Unfortunately I am not managing to be any more prompt:)

On 21-Jul-08, at 4:03 AM, Felix Sasaki wrote:

> Hi John (putting Martin Duerst into the loop),
> sorry for my late reply, a mixture of holiday and travel is my excuse.
> John Bradley さんは書きました:
>> Hi Felix,
>> Thanks for the input.
>> IRI  is related to the xri: scheme discussion.
>> One of the reasons (perhaps not the only reason) people don't want  
>> xri: to be a scheme is the concern that the IRI form of XRI will be  
>> used for XML namespace declarations.
>> This seems to be a general problem not specific to XRI.
>> There is a community that believes that all XML namespace  
>> declarations should be http: URLs  unless there is some super  
>> compelling reason to do something else.  I may even fall into that  
>> camp myself.
>> I think David Orchard and I agree that if someone wants to use XRI  
>> versioning or something else in a XML namespace declaration they  
>> MUST use the HXRI form that way it is a just a normal URL from a  
>> XML processing perspective.
>> I have put this to members of the XRI-TC and the above is generally  
>> uncontroversial.
>> The question becomes how do you stop people from using the xri:  
>> scheme.
>> One effective way is to not issue the scheme.    This seems to be  
>> the preferred solution by some W3C TAG members.
>> The perhaps unintended byproduct is that without a scheme we can't  
>> represent a XRI as a IRI in other places that might be more  
>> appropriate like a UI.
>> One thing we could still do is use the IRI form of the HXRI this  
>> would be a normal IRI with the http: scheme.
>> This has certain problems in that we have specified NFKC  
>> normalization rather than the NFC normalization that http uses for  
>> the path.
> From my understanding (which is mainly based on discussion with  
> Martin) NFKC includes NFC. The main difference is that NFKC is  
> getting rid of characters that have a compatibility decomposition,  
> see e.g. appendix J of
> So you could require NFC, add a recommendation like
> "Characters which have a compatibility decomposition (those with a  
> "compatibility formatting tag" in field 5 of the Unicode Character  
> Database -- marked by field 5 beginning with a "<") should not be  
> used in names. This suggestion does not apply to #x0E33 THAI  
> CHARACTER SARA AM or #x0EB3 LAO CHARACTER AM, which despite their  
> compatibility decompositions are in regular use in those scripts."
> and be fine.

Yes the main difference between NFKC and NFC is that NFKC has fewer  
compatibility characters.

We chose NFKC as our normalization for the XRI IRI scheme given that  
this is being used for normalizing user input for authority resolution.

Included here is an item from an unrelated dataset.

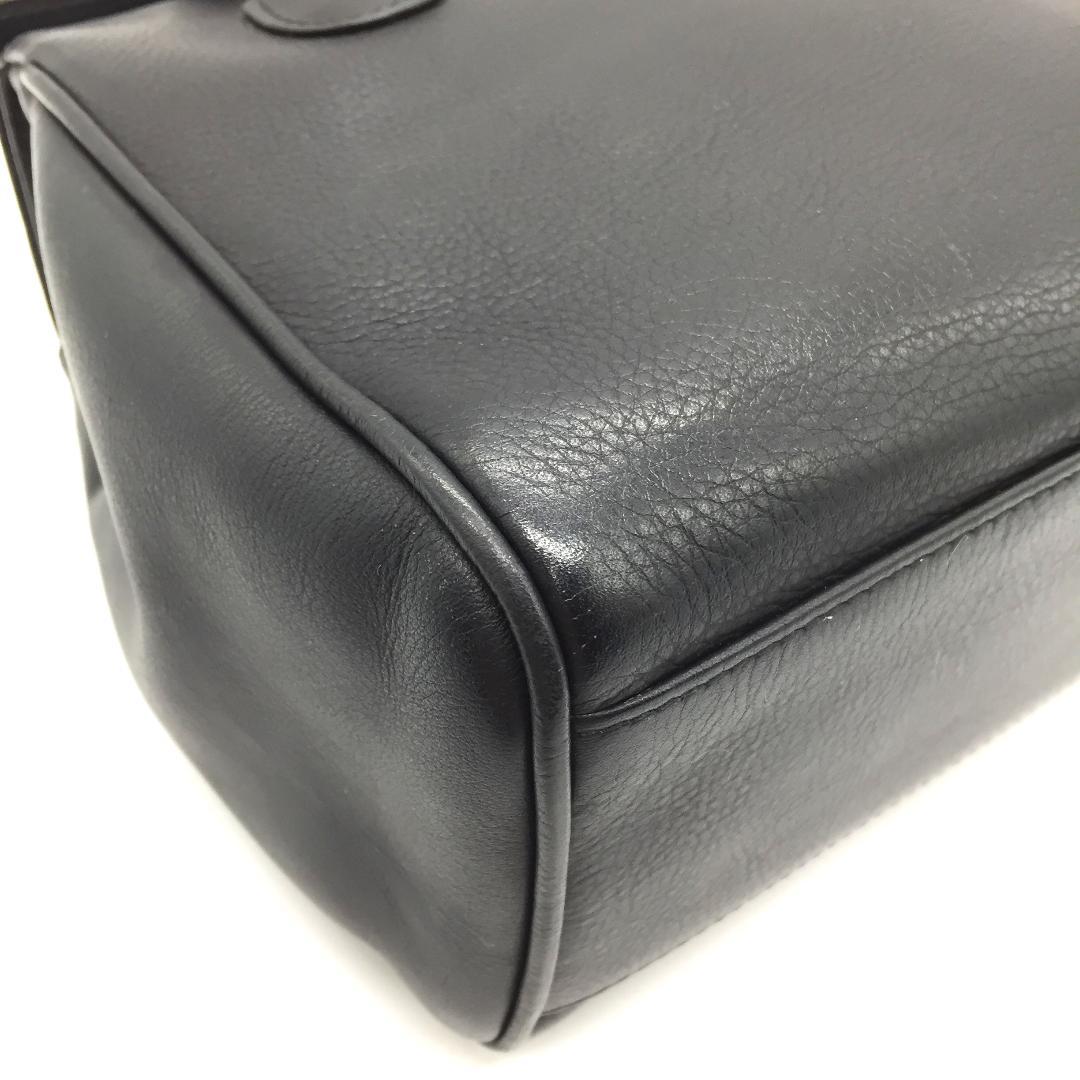 クリスチャンディオール ハンドバッグ CDロゴ ブラック 黒色 レザー 本革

The registration process for a global iName is out of scope for the  
XRI spec.

However it is probably useful to describe the process for people as a  

iNames may start with a number of Global Context symbols.
@ and = prefix names registered in the GRS administered by XDI.ORG.
Names can also start with a IP or DNS cross-reference.

If the first XRI authority subsegment is = or @ then the second  
subsegment is registered under the following rules.

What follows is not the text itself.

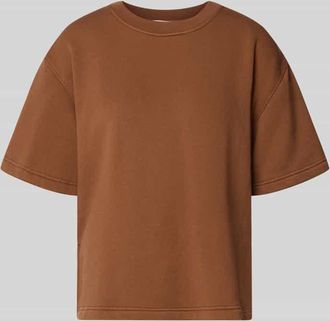 Rich & Royal Sweatshirt mit 1/2-Arm und Rundhalsausschnitt in Cognac, Gr&ouml;&szlig;e XL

1. There are three character tables - Latin, Hangul and Combined- 
2. Each of the tables contain a subset of ASCII characters permissible  
for registration, plus the additional characters for each script  
included in the table.
3. An i-name to be registered must contain only characters that are  
from a single table. For example, an i-name that contains a Hangul  
character and a Katakana character will not be registrable.
4. An i-name must not be visually similar to an existing registered i- 
name. This is determined by using data from the Unicode Consortium ( 
). For example, if an existing i-name called =résumé is already  
registered, the global registry will not permit =resume to be  

There will be other character tables added as demand dictates.  I  
personally interested in adding Arabic.

For other subsegments NFKC rules apply to name creation.

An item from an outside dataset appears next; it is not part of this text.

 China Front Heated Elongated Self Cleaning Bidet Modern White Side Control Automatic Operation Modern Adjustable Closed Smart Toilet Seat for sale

The real problem occurs when someone enters an iName in a local  
character set and it must be normalized as a part of the input  
process.  This happens with openIDs,

If we don't use a IRI xri: scheme,  and try to fit everything into the  
http: IRI normalization rules for the path segment,  we wind up with  
the possibility of failing match rules because of the extra  
compatibility characters included in NFC.

I admit that I may be the only person who sees this as a problem.

I want to use my @id*五里霧中 iName as an openID  and I can now at  
a number of sites.

I have just added it as a OSIS interop feature test for RPs.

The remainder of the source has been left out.